Paul answers both of these questions in just one verse, verse 17.  This is one of my favorite promises in all of Scripture.  Paul is still speaking here about all those who have continued to believe in the face of affliction.  He says, we know “that he who raised the Lord Jesus (God the Father) will raise us also with Jesus and bring us with you into his presence.”  The term “us with you” means we will be raised together, and “into his presence” means will all be together in the presence of Jesus.  So there it is, my friends.  For those who believe, the circle will be unbroken!  We will be together with our loved ones for all eternity in the presence of the Lord.  Praise God!

The last question that I believe Paul answers is: In what form or in what kind of body is my loved one?  In the last verse from our passage, 2 Cor. 5:1, Paul says that if the tent that is our earthly home is destroyed, we have a building from God, a house not made with hands, eternal in the heavens.  When Paul speaks about the tent that is our earthly home, he is referring to our bodies of flesh.  They are like tents.  And what do we know about tents?  They are temporary dwellings, something we set up for perhaps a night or two of camping, or for short-term shelter.  They are not made of rigid, solid materials; they are made to be easily removed.

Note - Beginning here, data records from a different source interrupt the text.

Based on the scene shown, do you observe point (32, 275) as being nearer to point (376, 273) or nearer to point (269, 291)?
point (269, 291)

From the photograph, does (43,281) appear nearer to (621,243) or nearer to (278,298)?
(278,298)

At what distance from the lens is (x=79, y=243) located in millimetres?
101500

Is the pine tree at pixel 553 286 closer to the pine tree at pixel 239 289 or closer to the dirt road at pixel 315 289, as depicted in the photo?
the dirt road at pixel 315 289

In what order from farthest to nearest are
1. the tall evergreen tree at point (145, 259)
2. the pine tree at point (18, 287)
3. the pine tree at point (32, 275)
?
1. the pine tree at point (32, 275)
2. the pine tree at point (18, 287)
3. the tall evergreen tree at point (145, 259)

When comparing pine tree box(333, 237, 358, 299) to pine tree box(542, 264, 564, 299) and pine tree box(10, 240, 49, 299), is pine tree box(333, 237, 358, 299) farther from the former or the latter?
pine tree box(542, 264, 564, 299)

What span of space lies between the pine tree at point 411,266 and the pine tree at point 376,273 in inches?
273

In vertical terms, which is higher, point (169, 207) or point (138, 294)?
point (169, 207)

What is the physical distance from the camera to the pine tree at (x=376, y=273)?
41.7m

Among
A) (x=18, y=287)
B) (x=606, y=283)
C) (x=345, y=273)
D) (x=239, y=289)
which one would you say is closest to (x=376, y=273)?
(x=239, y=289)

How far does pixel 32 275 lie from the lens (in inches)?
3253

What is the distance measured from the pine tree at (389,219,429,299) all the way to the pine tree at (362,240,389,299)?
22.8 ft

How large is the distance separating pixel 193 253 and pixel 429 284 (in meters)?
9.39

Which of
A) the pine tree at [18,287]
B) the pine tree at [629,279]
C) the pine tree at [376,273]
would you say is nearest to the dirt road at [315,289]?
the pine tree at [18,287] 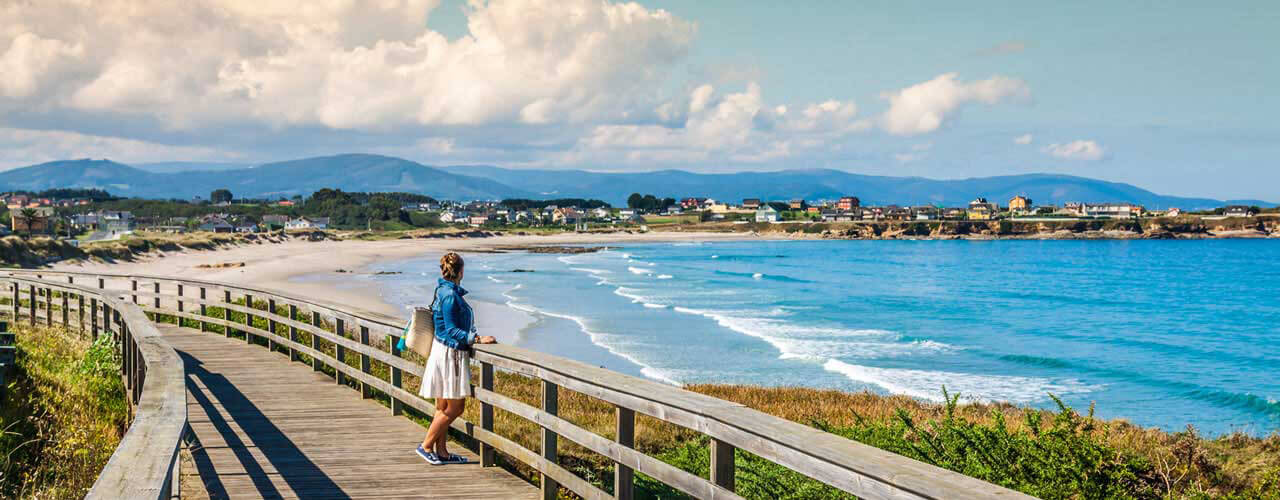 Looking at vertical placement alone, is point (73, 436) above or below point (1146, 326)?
above

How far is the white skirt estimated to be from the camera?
695 centimetres

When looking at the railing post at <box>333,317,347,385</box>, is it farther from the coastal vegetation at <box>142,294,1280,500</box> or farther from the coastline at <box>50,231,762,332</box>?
the coastline at <box>50,231,762,332</box>

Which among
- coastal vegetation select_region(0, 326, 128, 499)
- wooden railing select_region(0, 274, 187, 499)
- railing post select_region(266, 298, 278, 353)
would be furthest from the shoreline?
wooden railing select_region(0, 274, 187, 499)

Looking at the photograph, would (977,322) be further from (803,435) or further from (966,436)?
(803,435)

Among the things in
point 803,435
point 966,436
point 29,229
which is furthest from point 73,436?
point 29,229

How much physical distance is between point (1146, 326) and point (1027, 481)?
36944 mm

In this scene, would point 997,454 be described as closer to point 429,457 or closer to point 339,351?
point 429,457

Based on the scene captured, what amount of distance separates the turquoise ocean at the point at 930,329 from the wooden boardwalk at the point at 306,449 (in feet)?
27.5

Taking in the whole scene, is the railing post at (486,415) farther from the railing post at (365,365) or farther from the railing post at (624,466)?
the railing post at (365,365)

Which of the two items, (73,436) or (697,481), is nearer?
(697,481)

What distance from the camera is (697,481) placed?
441 centimetres

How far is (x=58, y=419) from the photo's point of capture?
875cm

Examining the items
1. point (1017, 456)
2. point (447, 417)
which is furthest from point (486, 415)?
point (1017, 456)

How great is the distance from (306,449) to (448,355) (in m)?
1.56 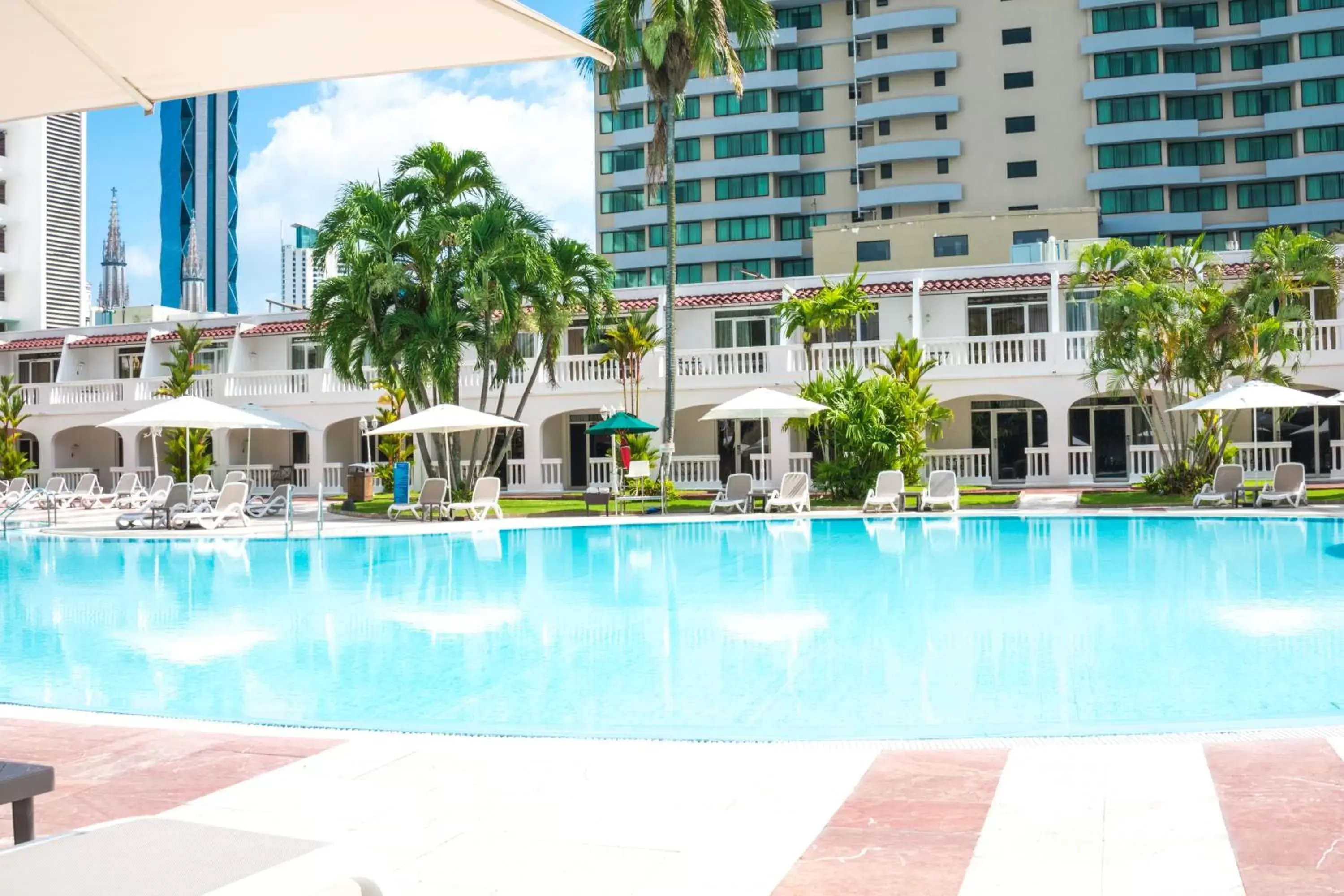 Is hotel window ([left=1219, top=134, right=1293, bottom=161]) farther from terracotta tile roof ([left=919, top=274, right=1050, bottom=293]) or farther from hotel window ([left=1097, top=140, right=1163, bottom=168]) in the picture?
terracotta tile roof ([left=919, top=274, right=1050, bottom=293])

Paul’s point is this: Just as a tent is a relatively flimsy and temporary shelter, so our earthly bodies are frail, vulnerable and wasting away.  But our eternal house in heaven will be an invulnerable structure, not built by human hands but the work of God, perfect and permanent.  God will give to us and our loved ones who are with him a new, glorified, resurrection body to live in for all of eternity.

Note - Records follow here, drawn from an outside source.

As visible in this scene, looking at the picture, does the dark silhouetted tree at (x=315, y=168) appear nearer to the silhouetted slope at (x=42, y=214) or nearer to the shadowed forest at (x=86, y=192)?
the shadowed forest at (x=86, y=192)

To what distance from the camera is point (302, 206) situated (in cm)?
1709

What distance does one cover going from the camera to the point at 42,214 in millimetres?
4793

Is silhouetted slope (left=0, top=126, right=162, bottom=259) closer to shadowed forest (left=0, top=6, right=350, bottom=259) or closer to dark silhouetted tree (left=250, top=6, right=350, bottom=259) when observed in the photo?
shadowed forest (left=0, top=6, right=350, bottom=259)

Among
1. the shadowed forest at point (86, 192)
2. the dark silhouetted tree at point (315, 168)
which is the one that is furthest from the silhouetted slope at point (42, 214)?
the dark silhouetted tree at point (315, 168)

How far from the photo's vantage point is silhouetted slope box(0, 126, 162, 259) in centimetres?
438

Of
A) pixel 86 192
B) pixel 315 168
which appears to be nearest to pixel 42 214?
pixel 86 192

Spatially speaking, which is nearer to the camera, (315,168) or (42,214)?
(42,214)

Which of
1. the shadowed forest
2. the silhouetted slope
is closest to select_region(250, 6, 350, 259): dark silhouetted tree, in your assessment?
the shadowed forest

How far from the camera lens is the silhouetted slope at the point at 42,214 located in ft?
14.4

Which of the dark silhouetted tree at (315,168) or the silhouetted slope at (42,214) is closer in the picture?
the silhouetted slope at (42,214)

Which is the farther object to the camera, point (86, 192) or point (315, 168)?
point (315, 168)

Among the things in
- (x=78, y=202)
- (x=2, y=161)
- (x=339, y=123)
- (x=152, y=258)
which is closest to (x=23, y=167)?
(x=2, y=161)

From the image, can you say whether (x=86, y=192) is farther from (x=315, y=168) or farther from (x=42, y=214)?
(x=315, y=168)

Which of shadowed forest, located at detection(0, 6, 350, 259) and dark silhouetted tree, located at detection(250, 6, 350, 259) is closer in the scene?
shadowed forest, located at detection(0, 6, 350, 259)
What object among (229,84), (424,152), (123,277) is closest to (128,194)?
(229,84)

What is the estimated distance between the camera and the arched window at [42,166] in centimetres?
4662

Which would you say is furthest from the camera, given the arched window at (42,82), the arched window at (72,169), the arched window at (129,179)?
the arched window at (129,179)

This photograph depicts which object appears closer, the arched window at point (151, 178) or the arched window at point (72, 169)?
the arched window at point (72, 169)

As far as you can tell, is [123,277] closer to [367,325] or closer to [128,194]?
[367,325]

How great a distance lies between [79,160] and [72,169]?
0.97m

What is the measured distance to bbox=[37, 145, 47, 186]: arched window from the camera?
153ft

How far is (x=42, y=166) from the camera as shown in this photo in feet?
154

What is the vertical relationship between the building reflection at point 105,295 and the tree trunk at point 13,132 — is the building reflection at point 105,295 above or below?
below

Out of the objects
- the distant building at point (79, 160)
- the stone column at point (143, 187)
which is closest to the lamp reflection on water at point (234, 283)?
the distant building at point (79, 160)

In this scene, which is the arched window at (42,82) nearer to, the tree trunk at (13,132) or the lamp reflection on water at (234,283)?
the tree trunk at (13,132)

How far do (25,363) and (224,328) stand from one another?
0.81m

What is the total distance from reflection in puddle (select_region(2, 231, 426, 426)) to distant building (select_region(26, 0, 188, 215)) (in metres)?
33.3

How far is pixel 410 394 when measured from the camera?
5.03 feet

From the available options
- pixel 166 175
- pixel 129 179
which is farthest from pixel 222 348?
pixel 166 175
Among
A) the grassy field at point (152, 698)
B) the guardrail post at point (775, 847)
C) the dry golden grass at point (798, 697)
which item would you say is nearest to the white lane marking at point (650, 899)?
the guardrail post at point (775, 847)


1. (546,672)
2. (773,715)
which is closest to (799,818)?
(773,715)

So, let me bring this to a close by summarizing what Paul is teaching in this passage.  The reality is that there is affliction and suffering in this life, but even if we manage to have minimal suffering, and life for us is for the most part really good, it is transient; it is temporary; it will not last.

Life only goes so far; it will come to an end for 100% of us, and we will eventually be separated by death from everyone we have ever loved.  But the good news is, death is not the end for those who believe in Christ for salvation.  Paul calls us to continue to have faith in the midst of suffering and look to those things that are eternal.  We are to cling to the promise that our current affliction is only light and momentary in comparison to the glory for which we are being prepared.  And this is the really good news: God will raise us with Jesus, and with our loved ones, and we will all be together in our glorified, permanent, resurrection bodies in the presence of the Lord forever.  That is the hope and promise that Christians claim and joyfully anticipate because of our belief in the resurrection of Jesus Christ.  When we all get to heaven, what a day of rejoicing that will be!  Thanks be to God!  Amen.